SQL Server 2008 Spatial Data And Spatial Search

SQL Server 2008 offers a great support for spatial data and spatial search. Spatial data, or geo-spatial data, means locations on the Earth. Microsoft introduces two new data types in SQL Server 2008 to present location data:

Geometry: Geometry data are based on a flat Earth model, and it doesn’t account for the Earth’s curvature.

Geography: Geography data are Points, lines, polygons, or collection of these in latitude and longitude coordinates using a round Earth model.
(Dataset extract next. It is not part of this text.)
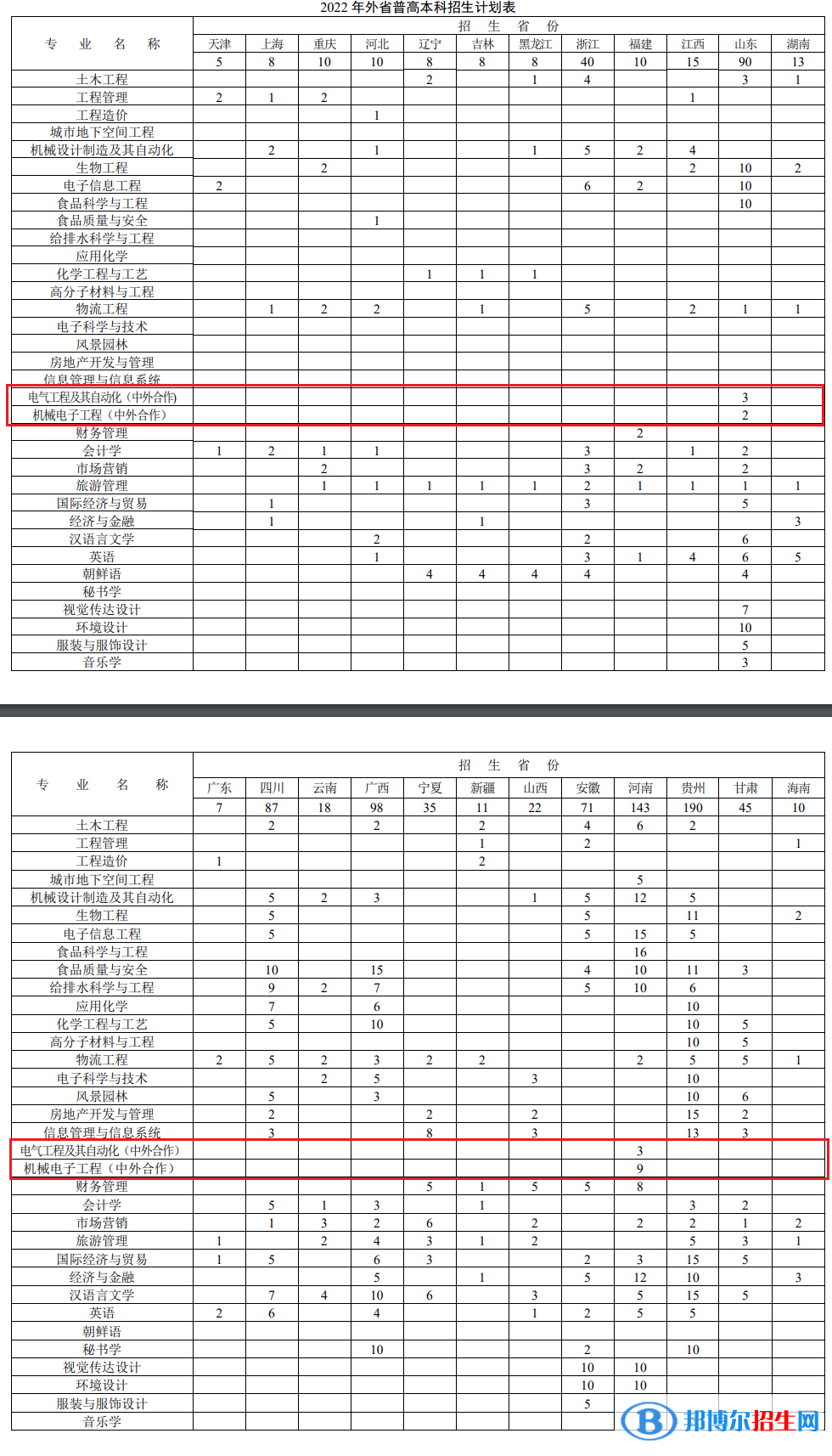 徐州工程學(xué)院有哪些中外合作辦學(xué)專業(yè)？（附名單）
What’s good about SQL Server 2008 spatial data? The location information can be stored as native Geography data and indexed, so that the location-based search can be efficiently done by SQL Server 2008. I examined such spatial search on a test database with 1-million rows of test data. The result is quite impressive.
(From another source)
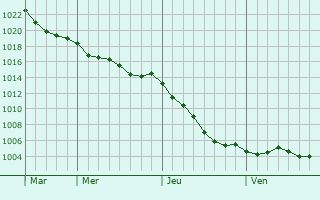 Graphe de la pression atmosphrique prvue pour Montigny-les-Jongleurs
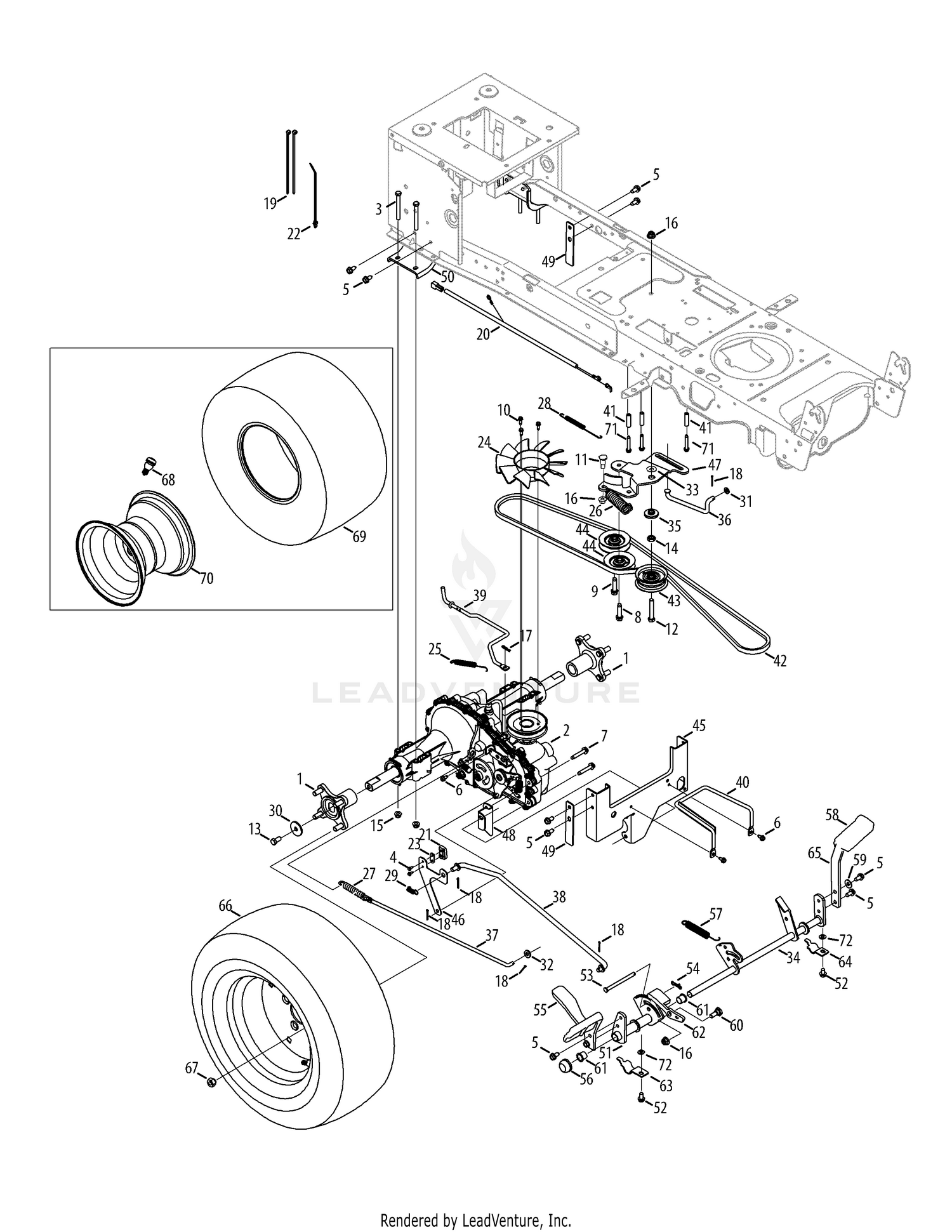 Drive & Rear Wheels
Red Gate SQL Data Generator (V1.028) is used to create 1-million test data. Following script is to mock valid latitude and longitude data inside U.S.:

-- UDF Can't use RAND directly. Using View to cheat it
CREATE VIEW vRandNumber AS SELECT RAND() as RandNumber
GO
-- UDF function returns a float number in a given range
CREATE FUNCTION RandFloat(@Min float, @Max float)
RETURNS float AS
BEGIN
RETURN @Min + (select RandNumber from vRandNumber) * (@Max-@Min)
END
GO
-- Update Address with U.S. geo codes
UPDATE Address
SET Address.Latitude = dbo.RandFloat(32, 48),
Address.Longitude = dbo.RandFloat(-124, -72)

With valid Latitude and Longitude data, now we can create a Gepgraphy column in the database:
ALTER TABLE Address ADD GeoPoint Geography NULL
GO
UPDATE Address SET GeoPoint = geography::Point(Latitude, Longitude, 4326)
GO
Querying on this un-indexed Geopgraphy column is very slow. Search locations within a 10-KM radius takes more than 5 minutes:
SET @point = geography::Point(47.32, -122.18, 4326) -—Seattle
SELECT * FROM Address WHERE GeoPoint.STDistance(@point) < 10 * 1000
Result: return 85 rows in 5 minutes 48 seconds

Once the Spatial index is created, the search is much faster than before and the same search only takes 1 second:
CREATE SPATIAL INDEX SIX_Address_GeoGraphy ON Address(GeoPoint);
GO
SELECT * FROM Address WHERE GeoPoint.STDistance(@point) < 10 * 1000
GO
Return 85 rows in 1 second
The test was conducted inside a virtual machine with Intel 2.2G Core2Duo CPU and 2G of RAM.